▶ Task objective: The task calls for each record to be given again exactly.

▶ Data to examine:
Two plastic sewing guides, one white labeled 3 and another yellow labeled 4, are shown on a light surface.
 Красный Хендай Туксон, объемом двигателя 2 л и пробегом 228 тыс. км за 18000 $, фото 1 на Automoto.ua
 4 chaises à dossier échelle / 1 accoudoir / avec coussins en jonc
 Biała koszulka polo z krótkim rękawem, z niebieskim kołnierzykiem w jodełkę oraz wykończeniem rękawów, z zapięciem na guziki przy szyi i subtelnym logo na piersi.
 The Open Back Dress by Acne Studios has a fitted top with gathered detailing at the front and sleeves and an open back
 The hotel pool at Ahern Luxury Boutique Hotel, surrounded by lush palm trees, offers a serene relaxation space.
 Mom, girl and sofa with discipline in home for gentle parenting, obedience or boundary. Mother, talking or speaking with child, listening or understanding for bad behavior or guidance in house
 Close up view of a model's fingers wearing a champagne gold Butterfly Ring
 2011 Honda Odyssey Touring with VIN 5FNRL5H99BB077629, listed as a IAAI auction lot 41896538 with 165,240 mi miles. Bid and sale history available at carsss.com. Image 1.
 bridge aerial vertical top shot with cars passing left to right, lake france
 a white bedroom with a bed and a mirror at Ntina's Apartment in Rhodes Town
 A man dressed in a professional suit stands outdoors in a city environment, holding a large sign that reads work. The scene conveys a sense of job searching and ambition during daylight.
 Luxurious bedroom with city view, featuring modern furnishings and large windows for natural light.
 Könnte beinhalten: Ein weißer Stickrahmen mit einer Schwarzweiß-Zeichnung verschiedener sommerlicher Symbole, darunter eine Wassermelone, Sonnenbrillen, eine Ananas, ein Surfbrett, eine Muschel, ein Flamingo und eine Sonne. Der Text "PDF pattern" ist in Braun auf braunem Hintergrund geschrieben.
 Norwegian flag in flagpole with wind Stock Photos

▶ Solution below:
Two plastic sewing guides, one white labeled 3 and another yellow labeled 4, are shown on a light surface.
 Красный Хендай Туксон, объемом двигателя 2 л и пробегом 228 тыс. км за 18000 $, фото 1 на Automoto.ua
 4 chaises à dossier échelle / 1 accoudoir / avec coussins en jonc
 Biała koszulka polo z krótkim rękawem, z niebieskim kołnierzykiem w jodełkę oraz wykończeniem rękawów, z zapięciem na guziki przy szyi i subtelnym logo na piersi.
 The Open Back Dress by Acne Studios has a fitted top with gathered detailing at the front and sleeves and an open back
 The hotel pool at Ahern Luxury Boutique Hotel, surrounded by lush palm trees, offers a serene relaxation space.
 Mom, girl and sofa with discipline in home for gentle parenting, obedience or boundary. Mother, talking or speaking with child, listening or understanding for bad behavior or guidance in house
 Close up view of a model's fingers wearing a champagne gold Butterfly Ring
 2011 Honda Odyssey Touring with VIN 5FNRL5H99BB077629, listed as a IAAI auction lot 41896538 with 165,240 mi miles. Bid and sale history available at carsss.com. Image 1.
 bridge aerial vertical top shot with cars passing left to right, lake france
 a white bedroom with a bed and a mirror at Ntina's Apartment in Rhodes Town
 A man dressed in a professional suit stands outdoors in a city environment, holding a large sign that reads work. The scene conveys a sense of job searching and ambition during daylight.
 Luxurious bedroom with city view, featuring modern furnishings and large windows for natural light.
 Könnte beinhalten: Ein weißer Stickrahmen mit einer Schwarzweiß-Zeichnung verschiedener sommerlicher Symbole, darunter eine Wassermelone, Sonnenbrillen, eine Ananas, ein Surfbrett, eine Muschel, ein Flamingo und eine Sonne. Der Text "PDF pattern" ist in Braun auf braunem Hintergrund geschrieben.
 Norwegian flag in flagpole with wind Stock Photos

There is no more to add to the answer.